Skip to content

Reduce memory usage through smart allocation and data structure optimization #297

@jserv

Description

@jserv

Description

shecc's memory usage grows rapidly with input size, reaching hundreds of megabytes for moderate programs. The arena allocators never free memory, and data structures are not optimized for space efficiency. This issue tracks efforts to reduce memory footprint while maintaining performance.

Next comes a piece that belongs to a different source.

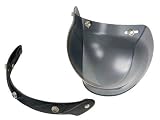 バイク用 ◎ 可動式バブルシールド(スモーク）とブラックフリップ付き スモールジェット ヘルメット （マッドブラック）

Memory Optimization Strategies

1. Arena Compaction

Implement aggressive memory reclamation between compilation phases:

// Current: Never free memory
typedef struct arena {
    char *base;
    size_t size;
    size_t used;
    struct arena *next;  // Chain of arenas
} arena_t;

// Proposed: Compactable arenas with metadata
typedef struct {
    void *start;
    size_t size;
    bool in_use;
    uint32_t phase;  // Compilation phase when allocated
} allocation_t;

typedef struct {
    arena_t base;
    allocation_t *allocations;
    int alloc_count;
    uint32_t current_phase;
} compactable_arena_t;

void enter_compilation_phase(compactable_arena_t *arena, uint32_t phase) {
    arena->current_phase = phase;
    
    // Free allocations from previous phases
    for (int i = 0; i < arena->alloc_count; i++) {
        if (arena->allocations[i].phase < phase - 1) {
            arena->allocations[i].in_use = false;
        }
    }
    
    // Compact if fragmentation > threshold
    if (get_fragmentation(arena) > 0.5) {
        compact_arena(arena);
    }
}

void compact_arena(compactable_arena_t *arena) {
    // Move live allocations to start of arena
    char *write_ptr = arena->base.base;
    
    for (int i = 0; i < arena->alloc_count; i++) {
        if (arena->allocations[i].in_use) {
            size_t size = arena->allocations[i].size;
            void *old_ptr = arena->allocations[i].start;
            
            if (old_ptr != write_ptr) {
                memmove(write_ptr, old_ptr, size);
                update_pointers(old_ptr, write_ptr);
            }
            
            arena->allocations[i].start = write_ptr;
            write_ptr += size;
        }
    }
    
    arena->base.used = write_ptr - arena->base.base;
}

2. Instruction Size Reduction

Optimize IR instruction representation:

// Current: 96 bytes per instruction
typedef struct insn {
    opcode_t op;           // 4 bytes
    var_t *rd, *rs1, *rs2; // 24 bytes (3 pointers)
    basic_block_t *bb;     // 8 bytes
    func_t *func;          // 8 bytes
    int imm;               // 4 bytes
    int line_no;           // 4 bytes
    char padding[44];      // Wasted space!
} insn_t;  // Total: 96 bytes

// Proposed: 32 bytes per instruction
typedef struct {
    uint16_t op;           // 2 bytes
    uint16_t flags;        // 2 bytes (combine multiple fields)
    uint32_t rd_idx;       // 4 bytes (index instead of pointer)
    uint32_t rs1_idx;      // 4 bytes
    uint32_t rs2_idx;      // 4 bytes
    union {
        int32_t imm;       // 4 bytes
        uint32_t bb_idx;   // 4 bytes (for branches)
    };
    uint32_t next_idx;     // 4 bytes (index to next instruction)
    uint32_t line_no;      // 4 bytes
} compact_insn_t;  // Total: 32 bytes (3x smaller!)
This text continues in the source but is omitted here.